India takes on China with $700 million port deal in Sri Lanka

An Indian company on Thursday signed a $700 million deal to build a strategic deep-sea container terminal Sri LankaOfficials said, the move is being seen as countering China’s growing influence in the region.

The Sri Lanka Ports Authority (SLPA) said it has signed an agreement with India’s Adani Group to build a new terminal, next to a $500 million Chinese-run jetty at the sprawling port in the capital Colombo.

“The agreement of over $700 million is the largest ever foreign investment in Sri Lanka’s port sector,” the SLPA said in a statement.

It said Adani would partner with a local group John Keels and the Sri Lankan government-owned SLPA as a minority partner.

John Keels said the company will own 34 per cent while Adani will have a 51 per cent controlling stake in the joint venture known as Colombo West International Terminal.

The new container jetty will be 1.4 kilometers long, with a depth of 20 meters and an annual capacity to handle 3.2 million containers.

The first phase of the project with a 600-metre terminal is to be completed within two years, the company said.

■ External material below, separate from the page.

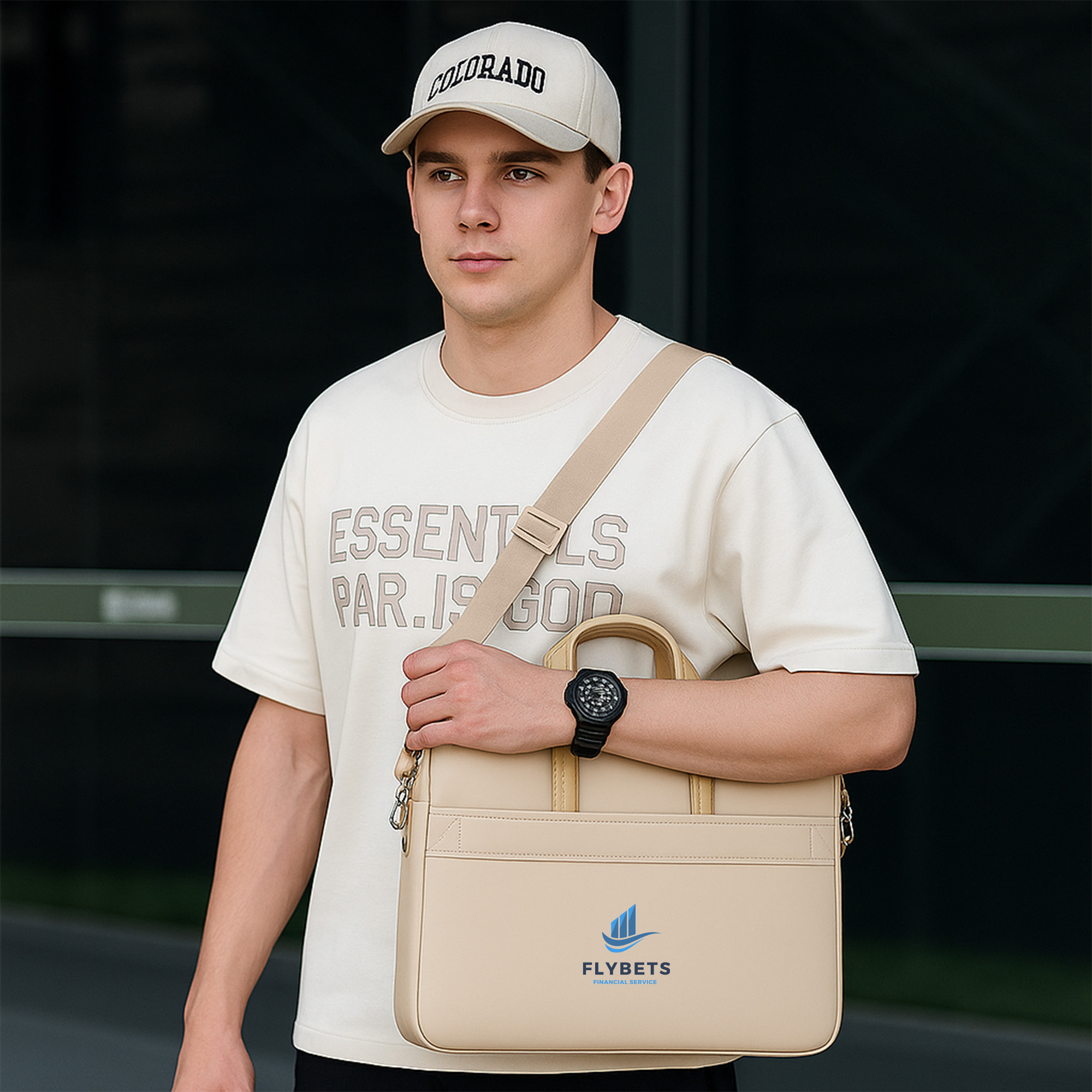 Sling Laptop Bag With Buffer Pad - Image 12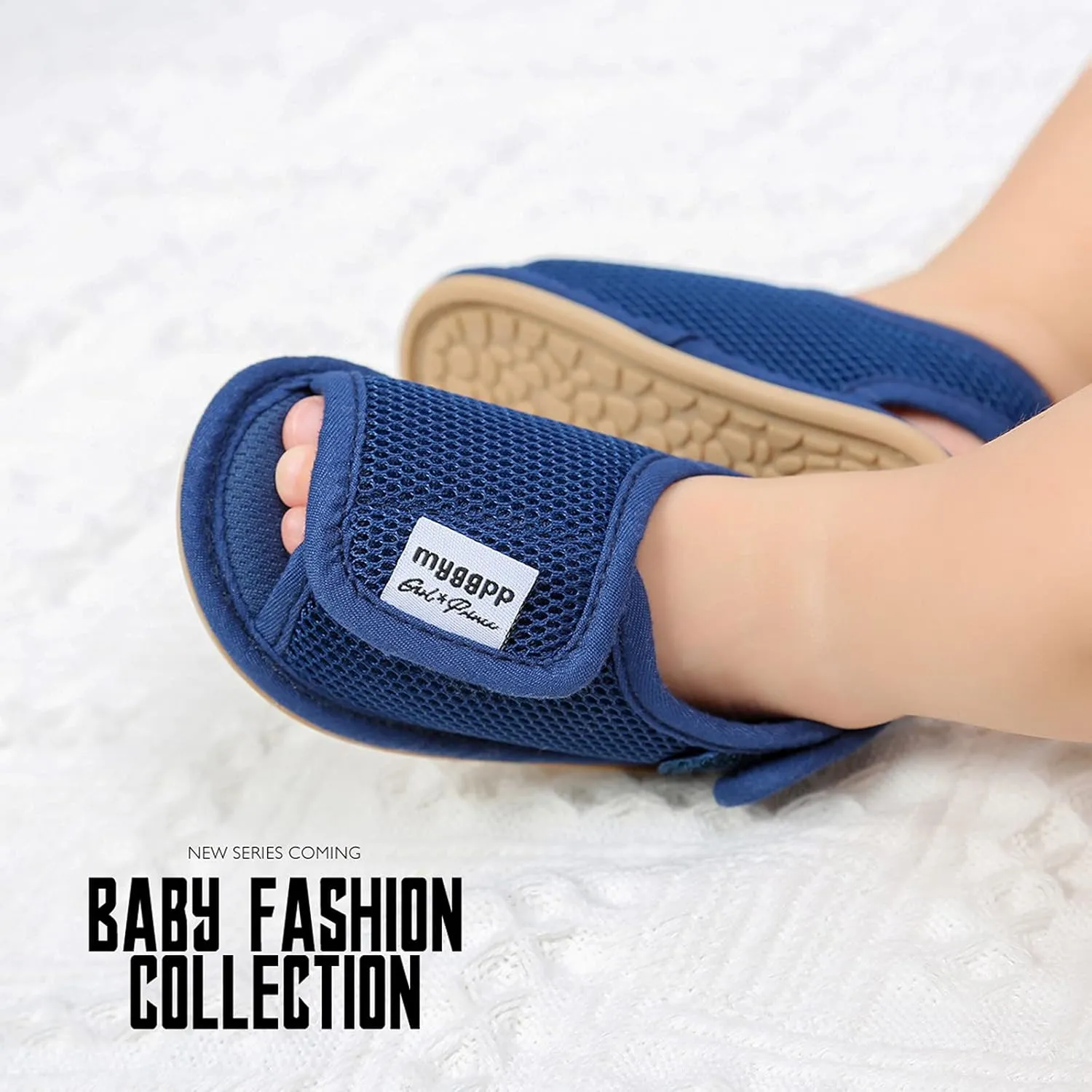 HIUARA Infant Baby Boys Girls Summer Beach Sandals Non Slip Soft Rubber Sole Toddler Outdoor Open-Toe First Walker Shoes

The terminal will return to Sri Lankan ownership after 35 years of operation.

India’s plans to enter the strategic Colombo port go back several years, but they failed in February when trade unions affiliated with the ruling coalition opposed New Delhi’s grant of a partially built terminal within the port.

Later, the government asked Indians to build a new terminal adjacent to the Chinese-run Colombo International Container Terminal (CICT).

Colombo is located in the Indian Ocean between the major hubs of Dubai and Singapore, which means its ports are in high demand for influence.

Two Chinese submarines landed at CICT in 2014, raising concerns in India, which considers neighboring Sri Lanka within its sphere of influence.

Since then, Sri Lanka has refused to allow more Chinese submarines to be deployed there.

In December 2017, unable to repay a large Chinese debt, Sri Lanka allowed China Merchants Port Holdings to take over the southern Hambantota port, which straddles the world’s busiest east-west shipping route.

The deal, which granted the Chinese company a 99-year lease, raised fears about Beijing’s use of a “debt trap” to expand its influence overseas.

India and the United States have also expressed concerns that a Chinese foothold in Hambantota could give Beijing a military advantage in the Indian Ocean.